*Aim of the task:* Reproduce the records exactly, beginning with their first line and ending with the line that contains "Frontline Krunch Sticks offer", and output nothing more.

Dataset items
*** Begin section ***
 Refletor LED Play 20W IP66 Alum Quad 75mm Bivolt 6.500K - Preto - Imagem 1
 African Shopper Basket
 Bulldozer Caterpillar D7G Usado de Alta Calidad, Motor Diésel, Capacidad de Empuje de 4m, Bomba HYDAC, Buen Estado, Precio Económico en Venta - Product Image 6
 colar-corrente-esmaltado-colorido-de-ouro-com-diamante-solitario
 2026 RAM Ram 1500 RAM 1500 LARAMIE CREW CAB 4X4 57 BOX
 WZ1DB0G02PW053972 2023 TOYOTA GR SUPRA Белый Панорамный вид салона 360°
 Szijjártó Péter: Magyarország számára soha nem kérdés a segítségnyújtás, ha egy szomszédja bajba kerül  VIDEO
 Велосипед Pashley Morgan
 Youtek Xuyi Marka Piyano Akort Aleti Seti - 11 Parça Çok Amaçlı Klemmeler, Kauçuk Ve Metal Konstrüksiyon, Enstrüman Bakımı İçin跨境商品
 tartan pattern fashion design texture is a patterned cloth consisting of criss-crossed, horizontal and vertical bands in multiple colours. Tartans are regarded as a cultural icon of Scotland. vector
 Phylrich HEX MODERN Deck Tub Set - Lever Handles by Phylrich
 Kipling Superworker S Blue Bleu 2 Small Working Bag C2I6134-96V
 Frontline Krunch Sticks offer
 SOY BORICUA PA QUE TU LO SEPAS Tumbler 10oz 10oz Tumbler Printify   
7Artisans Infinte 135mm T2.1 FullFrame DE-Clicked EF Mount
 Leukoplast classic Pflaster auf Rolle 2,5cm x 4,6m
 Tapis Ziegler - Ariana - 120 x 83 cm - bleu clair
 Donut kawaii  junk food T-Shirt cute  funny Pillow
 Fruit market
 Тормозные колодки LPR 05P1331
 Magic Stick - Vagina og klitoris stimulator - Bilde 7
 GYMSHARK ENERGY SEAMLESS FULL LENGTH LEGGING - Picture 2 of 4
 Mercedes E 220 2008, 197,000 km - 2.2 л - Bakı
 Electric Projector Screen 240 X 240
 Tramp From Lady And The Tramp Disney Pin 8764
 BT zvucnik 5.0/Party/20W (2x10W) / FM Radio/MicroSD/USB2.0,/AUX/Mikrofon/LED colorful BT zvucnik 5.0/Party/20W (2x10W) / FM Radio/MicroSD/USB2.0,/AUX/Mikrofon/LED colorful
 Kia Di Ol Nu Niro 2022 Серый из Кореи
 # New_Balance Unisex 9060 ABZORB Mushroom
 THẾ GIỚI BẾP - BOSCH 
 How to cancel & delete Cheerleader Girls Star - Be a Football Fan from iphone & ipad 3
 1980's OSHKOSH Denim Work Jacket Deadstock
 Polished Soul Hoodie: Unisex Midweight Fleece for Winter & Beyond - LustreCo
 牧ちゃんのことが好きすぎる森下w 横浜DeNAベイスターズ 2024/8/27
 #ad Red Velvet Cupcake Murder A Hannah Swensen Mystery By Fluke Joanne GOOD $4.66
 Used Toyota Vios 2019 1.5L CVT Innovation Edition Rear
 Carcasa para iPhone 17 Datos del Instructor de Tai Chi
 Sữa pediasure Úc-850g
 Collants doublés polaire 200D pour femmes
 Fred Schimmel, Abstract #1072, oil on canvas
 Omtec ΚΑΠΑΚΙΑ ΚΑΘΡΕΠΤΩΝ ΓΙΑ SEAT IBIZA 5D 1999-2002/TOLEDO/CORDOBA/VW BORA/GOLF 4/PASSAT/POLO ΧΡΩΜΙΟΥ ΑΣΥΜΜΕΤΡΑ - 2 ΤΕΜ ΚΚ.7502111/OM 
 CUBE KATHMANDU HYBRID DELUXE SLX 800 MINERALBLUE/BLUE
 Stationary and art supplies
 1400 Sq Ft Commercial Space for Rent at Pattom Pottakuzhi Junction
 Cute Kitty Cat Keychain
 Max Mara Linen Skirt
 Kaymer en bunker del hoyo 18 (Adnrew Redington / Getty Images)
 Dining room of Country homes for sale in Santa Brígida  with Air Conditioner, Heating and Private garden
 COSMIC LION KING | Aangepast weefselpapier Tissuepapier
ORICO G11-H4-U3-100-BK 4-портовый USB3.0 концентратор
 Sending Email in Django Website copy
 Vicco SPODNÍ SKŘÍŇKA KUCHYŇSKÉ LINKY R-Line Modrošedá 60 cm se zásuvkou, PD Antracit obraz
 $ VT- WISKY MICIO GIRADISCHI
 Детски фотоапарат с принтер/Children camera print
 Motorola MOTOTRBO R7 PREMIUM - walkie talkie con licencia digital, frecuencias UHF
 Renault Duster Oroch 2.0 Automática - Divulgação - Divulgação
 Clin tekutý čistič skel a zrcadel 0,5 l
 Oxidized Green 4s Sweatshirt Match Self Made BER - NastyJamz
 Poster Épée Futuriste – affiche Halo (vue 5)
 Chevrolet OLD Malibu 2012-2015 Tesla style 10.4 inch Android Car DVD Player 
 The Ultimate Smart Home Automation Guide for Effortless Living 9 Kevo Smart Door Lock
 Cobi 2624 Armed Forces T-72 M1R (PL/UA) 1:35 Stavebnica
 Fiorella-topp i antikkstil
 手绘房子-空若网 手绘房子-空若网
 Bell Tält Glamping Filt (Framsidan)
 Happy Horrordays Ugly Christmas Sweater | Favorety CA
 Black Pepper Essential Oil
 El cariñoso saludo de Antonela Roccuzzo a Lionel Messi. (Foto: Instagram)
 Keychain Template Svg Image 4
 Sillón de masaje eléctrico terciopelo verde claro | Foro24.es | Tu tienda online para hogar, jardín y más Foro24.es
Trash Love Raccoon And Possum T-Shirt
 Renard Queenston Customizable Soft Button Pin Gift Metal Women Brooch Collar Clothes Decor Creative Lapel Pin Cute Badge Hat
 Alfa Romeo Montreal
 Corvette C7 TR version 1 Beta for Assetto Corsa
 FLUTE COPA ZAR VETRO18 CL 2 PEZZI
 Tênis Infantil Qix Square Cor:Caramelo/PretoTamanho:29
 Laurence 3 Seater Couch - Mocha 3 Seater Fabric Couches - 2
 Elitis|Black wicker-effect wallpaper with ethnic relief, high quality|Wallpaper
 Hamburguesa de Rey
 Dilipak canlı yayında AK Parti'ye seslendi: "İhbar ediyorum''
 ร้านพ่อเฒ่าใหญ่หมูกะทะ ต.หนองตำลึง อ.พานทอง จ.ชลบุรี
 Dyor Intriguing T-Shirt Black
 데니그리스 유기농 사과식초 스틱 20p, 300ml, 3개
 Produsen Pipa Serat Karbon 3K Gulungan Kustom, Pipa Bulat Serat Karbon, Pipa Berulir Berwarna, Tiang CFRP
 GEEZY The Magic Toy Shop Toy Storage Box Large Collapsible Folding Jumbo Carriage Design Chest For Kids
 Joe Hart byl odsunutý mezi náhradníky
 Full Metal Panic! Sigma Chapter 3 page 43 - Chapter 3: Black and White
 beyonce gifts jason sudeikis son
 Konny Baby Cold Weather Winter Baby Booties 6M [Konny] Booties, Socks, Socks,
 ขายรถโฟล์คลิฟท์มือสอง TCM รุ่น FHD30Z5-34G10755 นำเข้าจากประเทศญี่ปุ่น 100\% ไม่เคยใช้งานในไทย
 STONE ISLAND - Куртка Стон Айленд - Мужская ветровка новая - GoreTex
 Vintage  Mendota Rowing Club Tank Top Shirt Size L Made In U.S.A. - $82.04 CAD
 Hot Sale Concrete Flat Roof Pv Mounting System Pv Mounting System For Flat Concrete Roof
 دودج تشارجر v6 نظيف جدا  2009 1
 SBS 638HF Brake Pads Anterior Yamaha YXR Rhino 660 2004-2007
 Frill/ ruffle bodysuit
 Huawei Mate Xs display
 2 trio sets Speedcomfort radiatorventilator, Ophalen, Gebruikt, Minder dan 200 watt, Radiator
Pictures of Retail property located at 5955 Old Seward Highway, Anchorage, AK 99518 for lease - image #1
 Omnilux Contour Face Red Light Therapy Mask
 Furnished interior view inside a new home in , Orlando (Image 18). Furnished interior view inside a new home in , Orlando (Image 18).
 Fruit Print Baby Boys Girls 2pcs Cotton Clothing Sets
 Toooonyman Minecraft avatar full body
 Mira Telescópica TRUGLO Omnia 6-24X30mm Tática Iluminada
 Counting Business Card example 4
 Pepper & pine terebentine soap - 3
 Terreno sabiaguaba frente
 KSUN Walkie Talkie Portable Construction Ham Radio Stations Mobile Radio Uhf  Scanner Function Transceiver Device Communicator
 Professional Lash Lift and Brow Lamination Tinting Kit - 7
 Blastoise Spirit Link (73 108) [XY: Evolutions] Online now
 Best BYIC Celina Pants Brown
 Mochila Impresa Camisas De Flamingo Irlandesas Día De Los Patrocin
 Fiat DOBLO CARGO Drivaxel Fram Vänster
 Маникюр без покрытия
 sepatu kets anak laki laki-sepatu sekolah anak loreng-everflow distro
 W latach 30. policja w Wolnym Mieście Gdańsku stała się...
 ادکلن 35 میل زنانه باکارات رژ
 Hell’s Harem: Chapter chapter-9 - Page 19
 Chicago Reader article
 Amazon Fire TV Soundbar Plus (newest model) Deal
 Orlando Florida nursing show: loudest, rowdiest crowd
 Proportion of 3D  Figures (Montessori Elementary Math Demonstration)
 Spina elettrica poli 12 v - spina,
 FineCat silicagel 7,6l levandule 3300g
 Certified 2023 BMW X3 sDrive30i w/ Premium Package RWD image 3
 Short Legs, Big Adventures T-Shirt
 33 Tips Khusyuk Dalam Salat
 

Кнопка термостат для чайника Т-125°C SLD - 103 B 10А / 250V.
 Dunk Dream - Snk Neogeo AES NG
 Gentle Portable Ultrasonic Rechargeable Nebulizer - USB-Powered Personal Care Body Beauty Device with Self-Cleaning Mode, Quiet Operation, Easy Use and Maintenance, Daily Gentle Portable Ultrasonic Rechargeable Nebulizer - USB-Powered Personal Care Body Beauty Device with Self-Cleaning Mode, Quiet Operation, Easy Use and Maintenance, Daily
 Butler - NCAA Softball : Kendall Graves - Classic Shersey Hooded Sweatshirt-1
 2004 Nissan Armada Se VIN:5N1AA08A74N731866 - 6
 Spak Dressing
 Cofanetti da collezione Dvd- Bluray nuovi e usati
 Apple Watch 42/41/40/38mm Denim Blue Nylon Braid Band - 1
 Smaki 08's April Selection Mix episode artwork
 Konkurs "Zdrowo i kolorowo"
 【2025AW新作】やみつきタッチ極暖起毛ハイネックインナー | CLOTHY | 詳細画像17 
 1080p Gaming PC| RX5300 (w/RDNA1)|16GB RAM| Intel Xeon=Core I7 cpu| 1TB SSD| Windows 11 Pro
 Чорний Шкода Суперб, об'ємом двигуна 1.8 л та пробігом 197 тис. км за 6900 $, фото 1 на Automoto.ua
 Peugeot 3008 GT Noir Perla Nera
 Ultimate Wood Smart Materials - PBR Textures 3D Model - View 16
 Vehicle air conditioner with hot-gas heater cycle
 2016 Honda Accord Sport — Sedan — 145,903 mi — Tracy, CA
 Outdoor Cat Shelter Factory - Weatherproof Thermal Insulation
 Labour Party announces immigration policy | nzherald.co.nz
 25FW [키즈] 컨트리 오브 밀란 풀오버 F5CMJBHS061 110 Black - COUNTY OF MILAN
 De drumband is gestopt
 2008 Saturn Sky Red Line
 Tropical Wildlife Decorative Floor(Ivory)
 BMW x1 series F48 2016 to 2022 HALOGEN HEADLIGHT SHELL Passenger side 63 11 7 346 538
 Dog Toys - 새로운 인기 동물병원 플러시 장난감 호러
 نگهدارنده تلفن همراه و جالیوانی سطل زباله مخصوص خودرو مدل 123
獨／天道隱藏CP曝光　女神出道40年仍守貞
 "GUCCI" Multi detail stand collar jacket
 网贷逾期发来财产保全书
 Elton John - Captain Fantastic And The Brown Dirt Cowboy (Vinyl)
*** End section ***
*Exercise result:*
 Refletor LED Play 20W IP66 Alum Quad 75mm Bivolt 6.500K - Preto - Imagem 1
 African Shopper Basket
 Bulldozer Caterpillar D7G Usado de Alta Calidad, Motor Diésel, Capacidad de Empuje de 4m, Bomba HYDAC, Buen Estado, Precio Económico en Venta - Product Image 6
 colar-corrente-esmaltado-colorido-de-ouro-com-diamante-solitario
 2026 RAM Ram 1500 RAM 1500 LARAMIE CREW CAB 4X4 57 BOX
 WZ1DB0G02PW053972 2023 TOYOTA GR SUPRA Белый Панорамный вид салона 360°
 Szijjártó Péter: Magyarország számára soha nem kérdés a segítségnyújtás, ha egy szomszédja bajba kerül  VIDEO
 Велосипед Pashley Morgan
 Youtek Xuyi Marka Piyano Akort Aleti Seti - 11 Parça Çok Amaçlı Klemmeler, Kauçuk Ve Metal Konstrüksiyon, Enstrüman Bakımı İçin跨境商品
 tartan pattern fashion design texture is a patterned cloth consisting of criss-crossed, horizontal and vertical bands in multiple colours. Tartans are regarded as a cultural icon of Scotland. vector
 Phylrich HEX MODERN Deck Tub Set - Lever Handles by Phylrich
 Kipling Superworker S Blue Bleu 2 Small Working Bag C2I6134-96V
 Frontline Krunch Sticks offer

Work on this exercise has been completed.